What makes Jesus so different? The most obvious answer is religion. As Christianity has influenced and biased people before even Paul, it is no surprise that neither our ancient accounts (filled with theological motives and miraculous accounts) nor modern analyses (often overtly influenced by Christian faith) are unproblematic. Yet even for those who are less willing to place Mark and the other gospels within the category of ancient biography, the narrative clearly limits the literary framework of these texts. There is no meter, which define epics and poetry. The next question is what other literary works used narrative but were never intended to report what happened in the past. In his Narrative and Identity in the Ancient Greek Novel: Returning Romance, Whitmarsh begins his analysis (after the introduction) with the origins of the “novel” and the earliest extant example we have. Although this work is later than the gospels, the origin of the “novel” (or proto-novel), “is very much a product of the early imperial era.” That is, it dates from the first century. From Chariton’s Callirhoe to The Golden Ass, we have examples of narratives which clearly do not attempt to tell the reader what happened in the past, but are rather examples of fiction.

The problem with putting Mark in such a category is not simply the fact that this genre didn’t really develop until around the time Mark was written, and by a very different literate group. For those who have studied both the Greek language and read ancient Greek literature extensively, Mark stands out even from the other gospels, let alone other forms of narrative literature. The study of narrative and stories has a long history in modern scholarship. More importantly, such studies are not limited to literary theory, which relies on academic jargon and psychological theories which psychologists have deemed to be without any empirical or scientific support. For example, a cognitive scientist and linguist who is among the most respected researchers in the field very recently wrote a monograph The Language of Stories: A Cognitive Approach which uses a vastly more empirically based approach to language and cognition than most analyses of literary form and narrative. Unfortunately, even the post-modern descendants of French deconstructionism offer about as much help when it comes to ancient narratives. Simply put, narrative comprised too much of literature in the ancient world for such analyses to distinguish narrative histories from narrative fiction.

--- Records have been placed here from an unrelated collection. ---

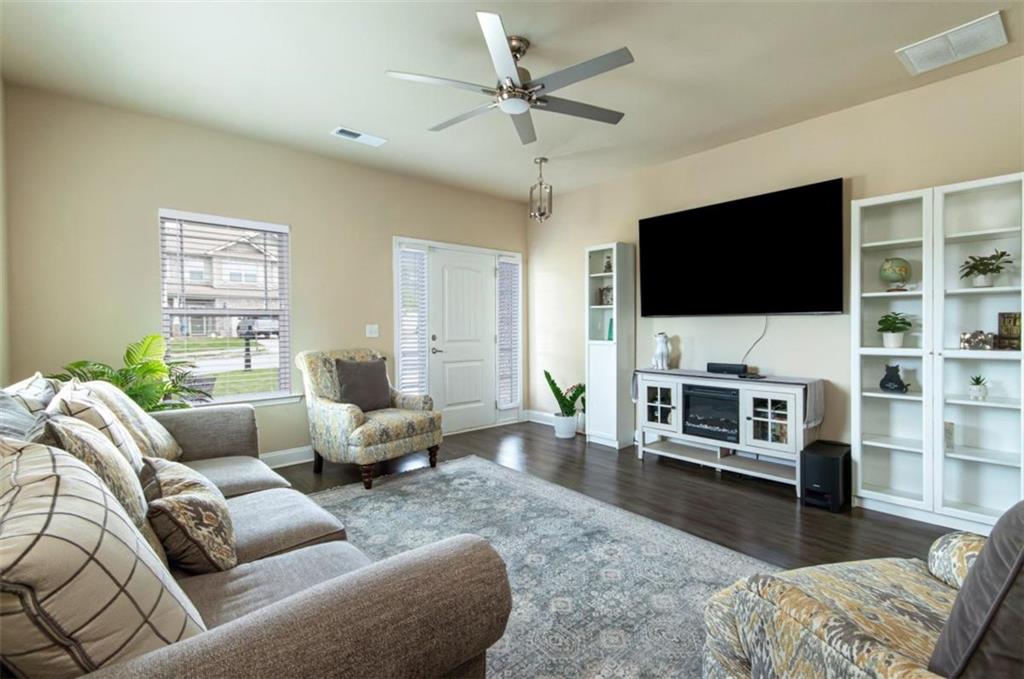 12261 Anchor Way Hampton, GA 30228 - Photo 6 of 31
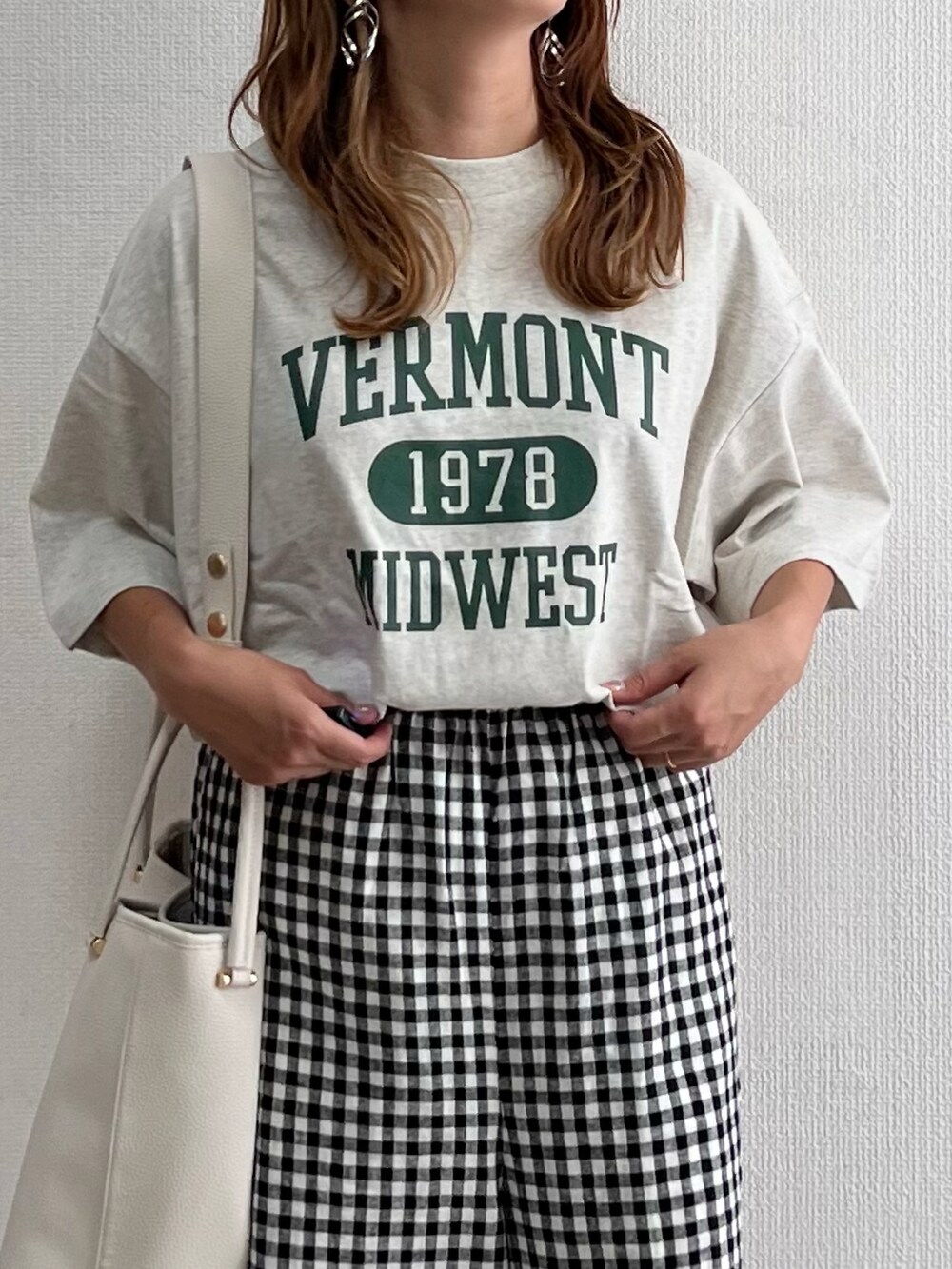 ベージュ系のTシャツ/カットソー、その他のその他パンツを着用したレディースの夏コーディネートの2枚目の写真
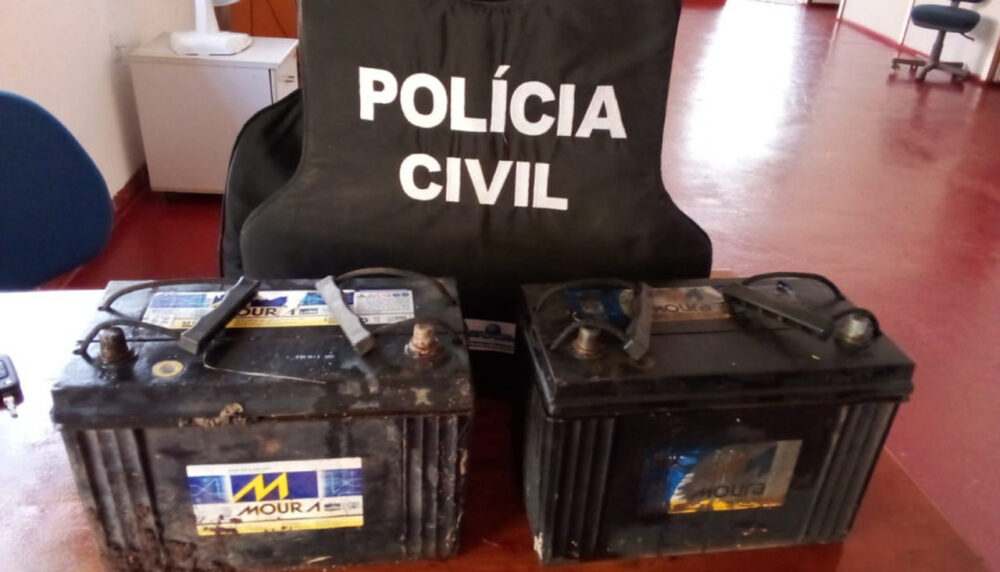 Polícia Civil recupera baterias furtadas de tratores da Prefeitura de Palmeirópolis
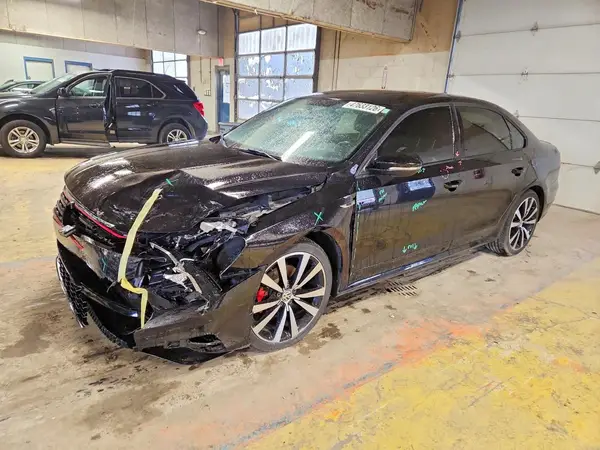 1VWJM7A31JC039333 2018 VOLKSWAGEN PASSAT - Image 1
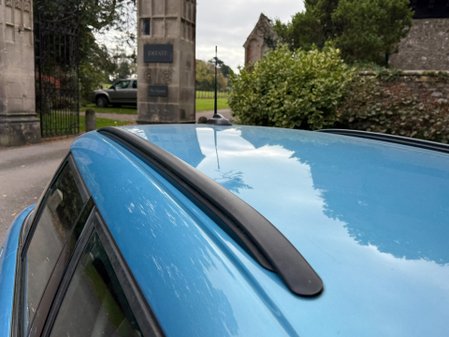 Mini Hatch COOPER D 22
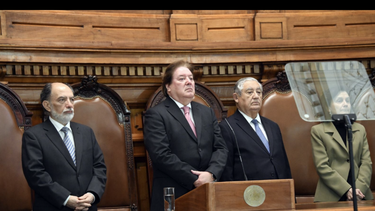 Presidente de Suprema pide en juramento de abogados resocialización por delitos por drogas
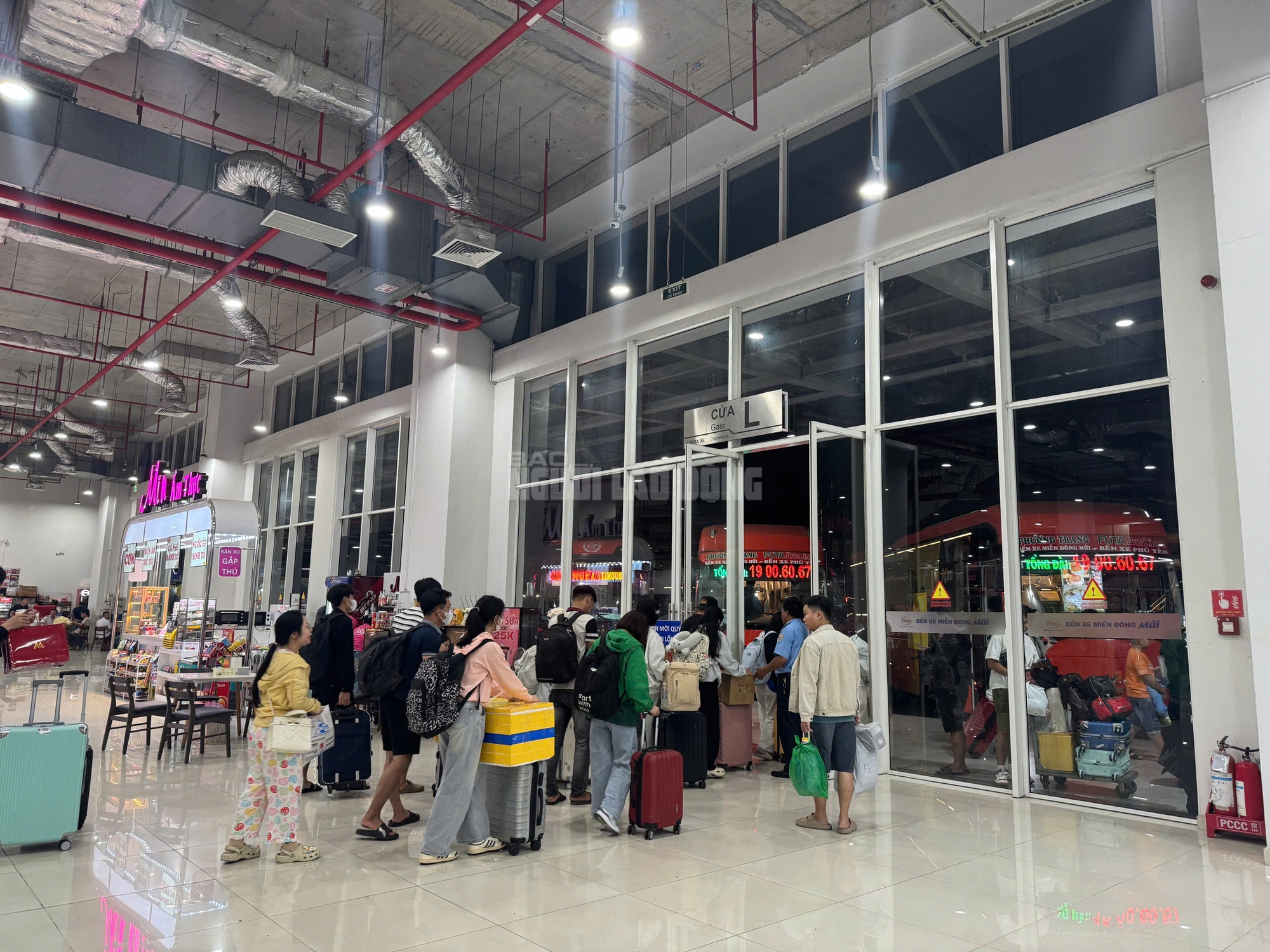 Cận cảnh Bến xe TPHCM ng&agrave;y 26 th&aacute;ng Chạp: H&agrave;nh kh&aacute;ch nườm nượp về qu&ecirc; ăn Tết 2026 - Ảnh 9.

Luckily, though, we are not left with simply analyses and models of narrative. In addition to enough extant literature to track developments within various traditions and frameworks over time, we also know quite a bit about the interaction between Jews and the rest of those who fell under the authority of Rome (and previous conquerors of Judaea). And, while at one time the Greek of the NT was thought to be unique, the discovery of papyri (among other things) has forever discredited this theory (which had served the Christian agenda: the Greek of the NT was special because it was inspired by god).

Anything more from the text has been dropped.